> [Data shown]

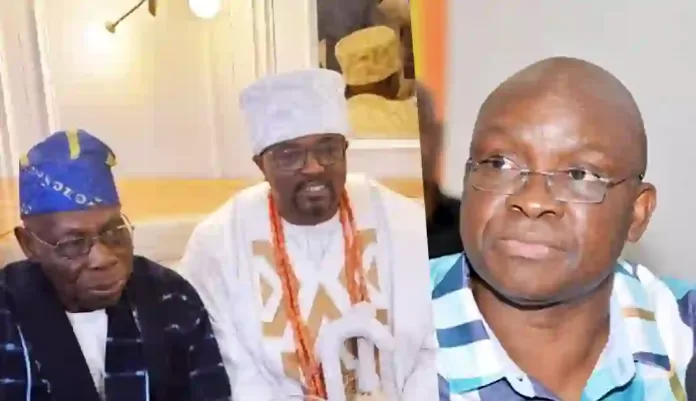 Obasanjo and Oba Dr Adetokunbo Tejuosho - Olu of Orile Kemta and Ayodele Fayose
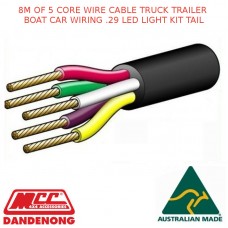 8M OF 5 CORE WIRE CABLE TRUCK TRAILER BOAT CAR WIRING .29 LED LIGHT KIT TAIL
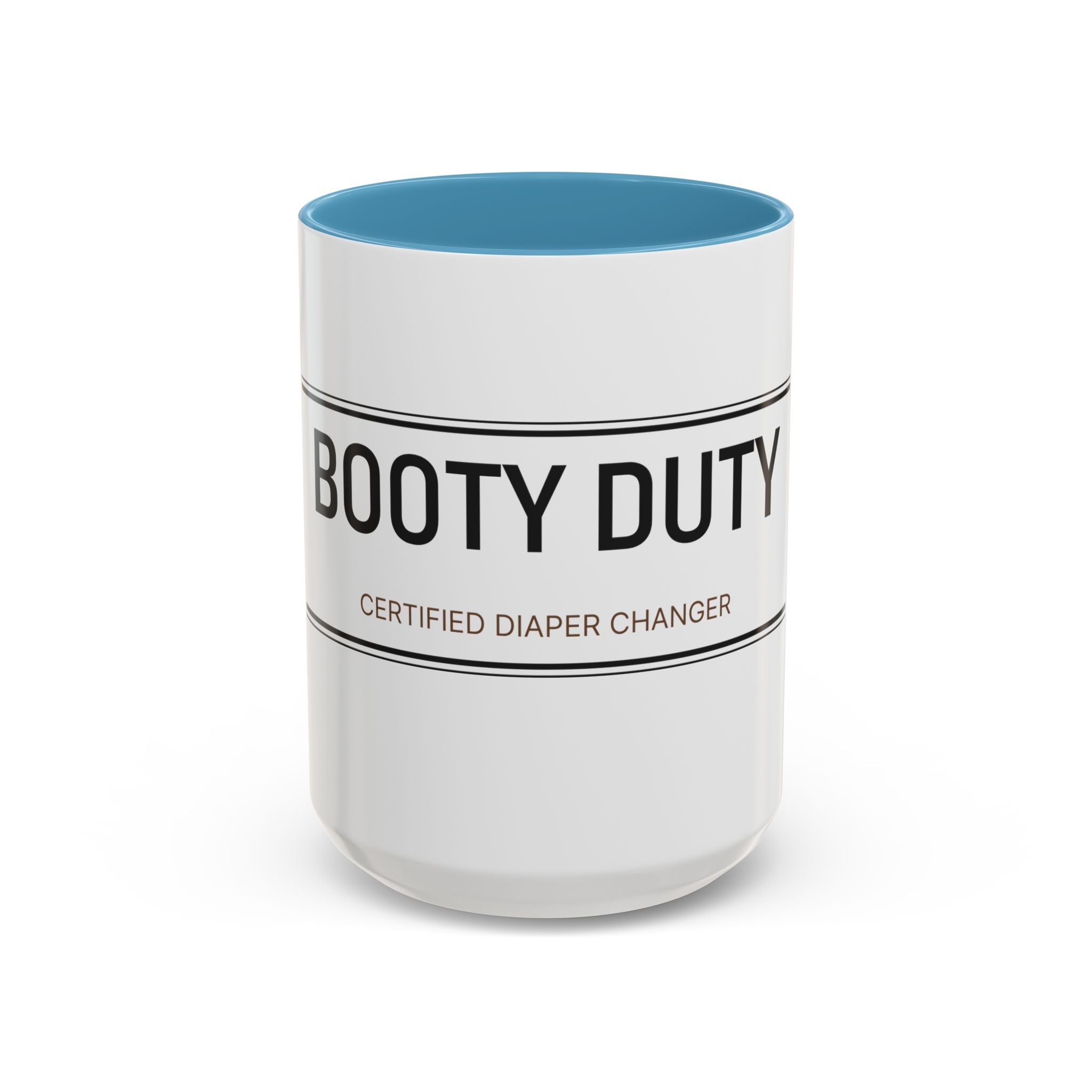 Booty Duty: Certified Diaper Changer Mug | Funny New Mom & Dad Gift | Accent Ceramic Mug (11oz & 15oz)
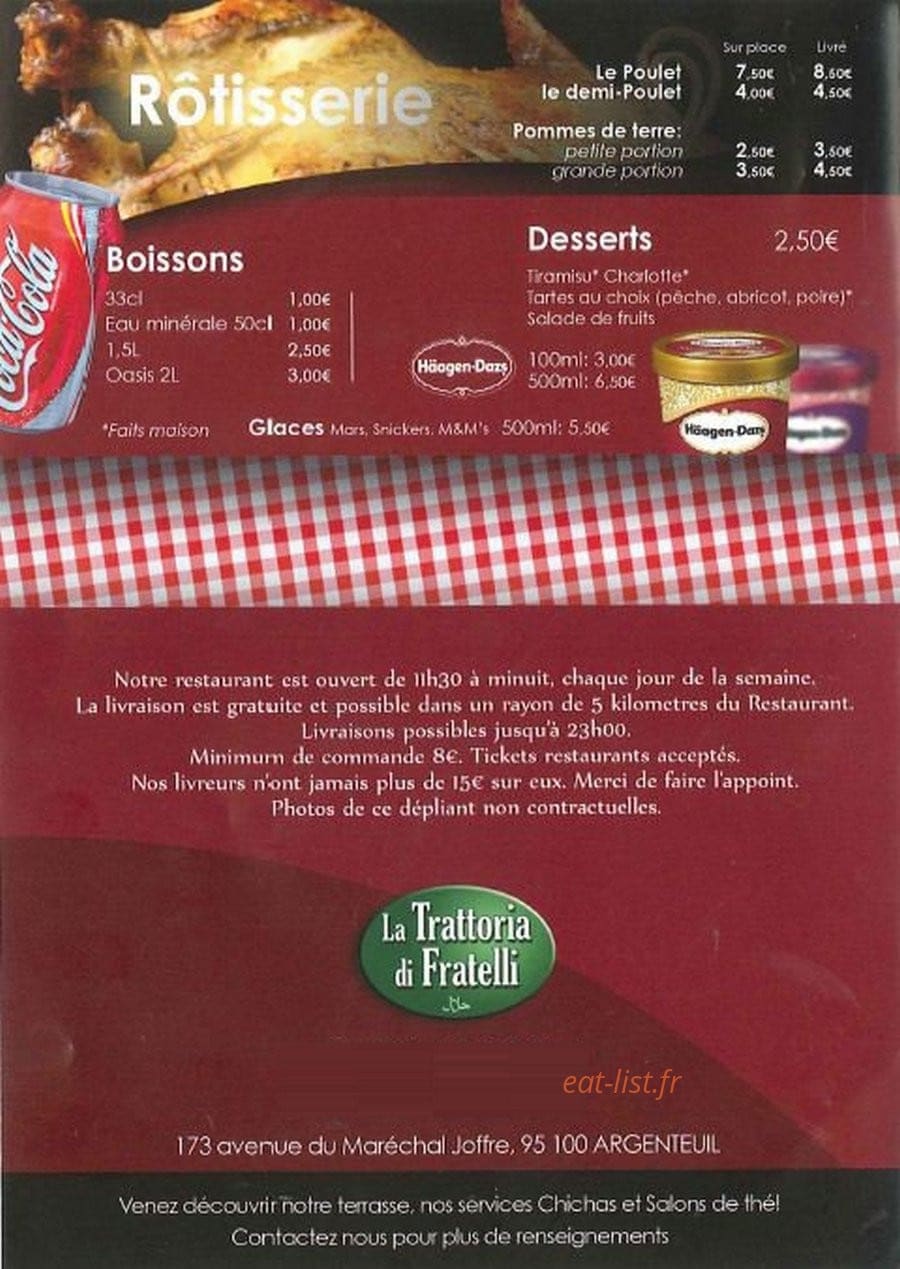Trattoria di Fratelli — carte page 4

> [Your instructions]
Once the pictures are removed, output the remaining material exactly.

> [Exercise response]
 Obasanjo and Oba Dr Adetokunbo Tejuosho - Olu of Orile Kemta and Ayodele Fayose
 8M OF 5 CORE WIRE CABLE TRUCK TRAILER BOAT CAR WIRING .29 LED LIGHT KIT TAIL
 Booty Duty: Certified Diaper Changer Mug | Funny New Mom & Dad Gift | Accent Ceramic Mug (11oz & 15oz)
Trattoria di Fratelli — carte page 4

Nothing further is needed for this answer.